In Florida residential real property transactions, sellers have a legal duty to disclose to someone who is considering purchasing a piece of real estate all known material facts about that property, as a general rule. Specific laws, in fact, have been passed to make sure that buyers are informed of especially important information, including things like property taxes – See Florida Statute 689.261.

Other issues, however, are not specifically required to be disclosed to the buyer under Florida law – for example Florida Statute 689.25 regarding disclosure of any homicide, suicide, deaths, or diagnosis of HIV or AIDS infection in an occupant of real property.

Florida Statute 689.25 states:

(1)(a) The fact that an occupant of real property is infected or has been infected with human immunodeficiency virus or diagnosed with acquired immune deficiency syndrome is not a material fact that must be disclosed in a real estate transaction.

(b) The fact that a property was, or was at any time suspected to have been, the site of a homicide, suicide, or death is not a material fact that must be disclosed in a real estate transaction.
(2) A cause of action shall not arise against an owner of real property, his or her agent, an agent of a transferee of real property, or a person licensed under chapter 475 for the failure to disclose to the transferee that the property was or was suspected to have been the site of a homicide, suicide, or death or that an occupant of that property was infected with human immunodeficiency virus or diagnosed with acquired immune deficiency syndrome.
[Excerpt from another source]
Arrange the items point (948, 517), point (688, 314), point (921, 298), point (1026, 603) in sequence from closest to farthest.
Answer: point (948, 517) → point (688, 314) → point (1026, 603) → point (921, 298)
As explained by the Florida Supreme Court in Johnson v. Davis:

One should not be able to stand behind the impervious shield of caveat emptor and take advantage of another’s ignorance. Our courts have taken great strides since the days when the judicial emphasis was on rigid rules and ancient precedents. Modern concepts of justice and fair dealing have given our courts the opportunity and latitude to change legal precepts in order to conform to society’s needs. Thus, the tendency of the more recent cases has been to restrict rather than extend the doctrine of caveat emptor. The law appears to be working toward the ultimate conclusion that full disclosure of all material facts must be made whenever elementary fair conduct demands it.

Bottom line, in Florida, sellers of residential real estate have a duty to disclose most material information about the condition of the property (past and present) as well as repairs that have been done and repairs that need to be done (including things like termite damage, mold, Chinese drywall, leaky roofs, plumbing and electrical issues, structural damage, code violations, illegal additions, etc.). (Commercial real estate buyers traditionally do not get the same level of protection under Florida law. See the application of “caveat emptor” in Solorzano v. First Union Mortg. Corp.).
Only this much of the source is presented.